Anyway, having previously enjoyed '20,000 Leagues Under the Sea' by Jules Verne, I thought that I would try another one of his titles. I usually feel a sense of trepidation when embarking on additional titles from an author, whose book I've just enjoyed, as I normally find that reading a second or third novel by them, is never quite good as the first. However, I decided to give 'Around the World in 80 Days' a go and I'm happy to say, that this novel was even better than the first.
It revolves around Phileas Fogg, an English gentleman with a stickler for routine, taking on a £20,000 wager with the other gentlemen in his local Reform Club, to circumnavigate the world in 80 days. Along for the ride is Passepartout, his newly appointed servant, hoping for a quieter life. However, he finds himself on an unexpected adventure, saving a young Parsi woman called Aouda, causing chaos in Calcutta and riding elephants in the jungle.
Throughout the story, Phileas Fogg is pursued by a Scotland Yard policeman named Fix, who is convinced that Phileas Fogg is a bank robber and he deceives Passepartout into helping him to catch his criminal. Will Phileas Fogg escape imprisonment and arrive back in London on time? It would be wrong of me to spoil it for you!
I loved this book. I enjoyed '20,000 Leagues Under the Sea', but I found that'Around the World in 80 Days' had a pace which more suited my reading preference, it explained everything sufficiently, but wasn't quite as slow as '20,000 Leagues Under the Sea'. Also, I found that I wasn't bogged down with information, as I felt when I read '20,000 Leagues Under the Sea', even though the facts featured within that book, gave authenticity to the novel.
I love the characters within the book. In fact, I feel that on the whole, Jules Verne has the ability to create great characterisation within his novels.
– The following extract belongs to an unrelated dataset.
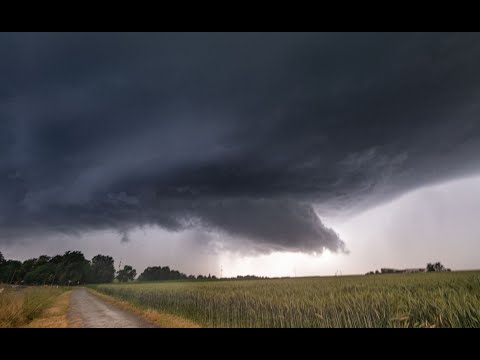 Kräftige SUPERZELLE mit Hook Echo und Hagel bei ULM / BADEN WÜRTTEMBERG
However, he likes his main character to be forthright gentleman and Phileas Fogg, is the quintessential English gent, who is never phased by a crisis.
This book is charming, funny and so gripping that you can't wait for the next chapter, to see what happens next. In fact, it's the perfect illustration of the game 'Can you?' which Stephen King talks about in his novel 'Misery'. Verne puts his characters into impossible situations and leaves the reader thinking 'How are they going to get out of this one?', then he rescues his characters, but with convincing resolutions.
'Around the World in 80 Days' is fun, exciting and a good old fashioned adventure story, which is easy to get lost in. I definitely recommend it.